Kini, matcha hadir dalam berbagai kelas kualitas.
Matcha kelas seremonial digunakan dalam upacara tradisional, sedangkan matcha kelas kuliner biasa dipakai untuk memasak atau membuat kue.
Proses produksi matcha cukup kompleks dan memerlukan ketelatenan. Daun teh yang digunakan disebut tencha.
Petani menanam daun ini di tempat teduh selama beberapa minggu sebelum panen.
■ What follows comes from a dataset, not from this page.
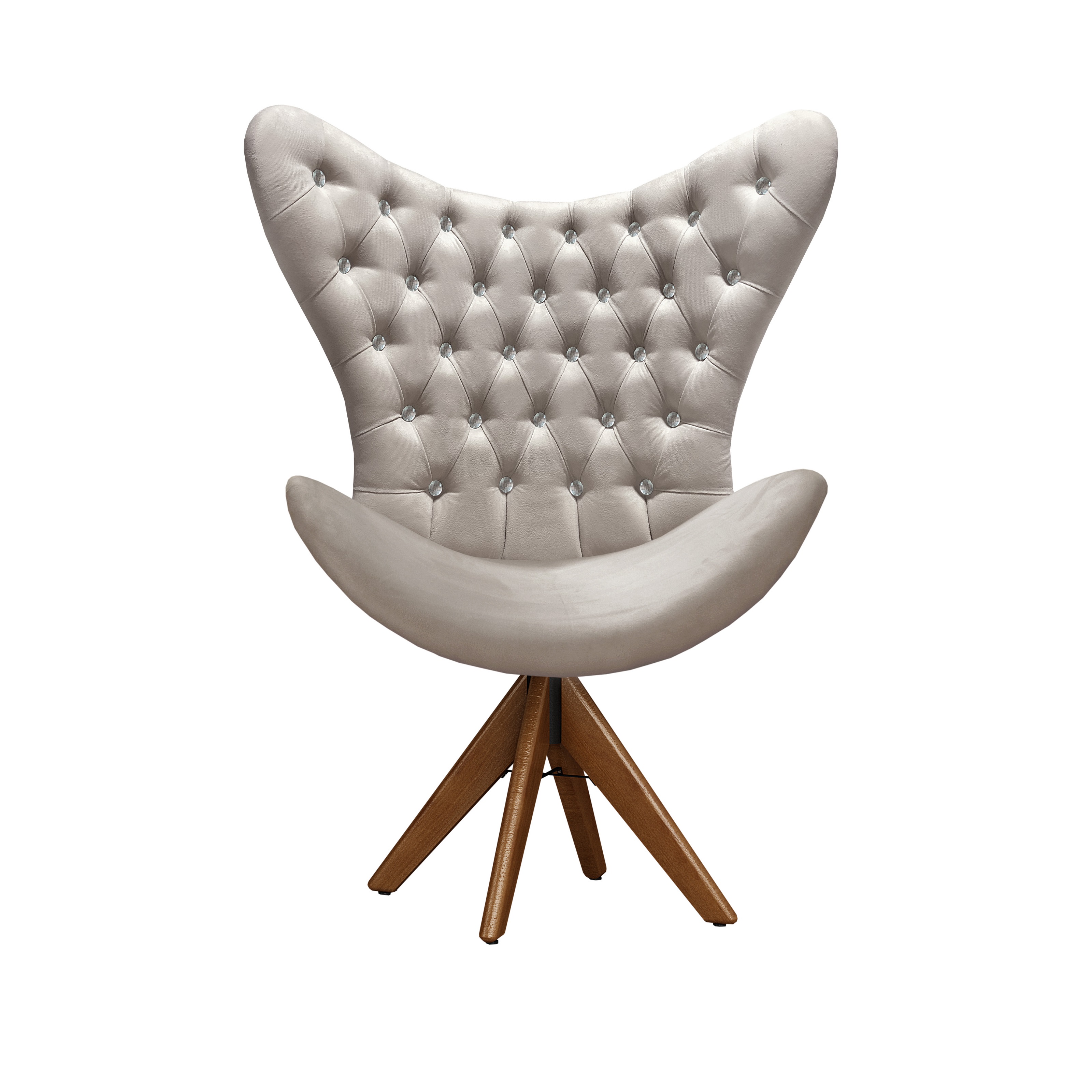 Poltrona Decorativa Egg Com Capitonê Strass Pé Giratório De Madeira - Suede Bege Claro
Tujuannya untuk meningkatkan rasa, warna, dan kandungan nutrisinya.
Masahiro Okutomi, seorang produsen teh di Sayama, Jepang, menjelaskan bahwa penanaman tencha membutuhkan struktur khusus berupa tiang dan atap untuk menyaring cahaya.
Setelah dipanen, daun tencha dipisahkan dari tulangnya, dikukus, dikeringkan, dan digiling halus menggunakan batu penggiling tradisional.
Waktu yang dibutuhkan untuk menghasilkan matcha sangat lama.
Satu jam kerja hanya bisa menghasilkan sekitar 40 gram bubuk matcha.
Hal itulah yang membuat biaya produksi matcha bisa dua kali lipat lebih mahal dibandingkan daun teh hijau biasa.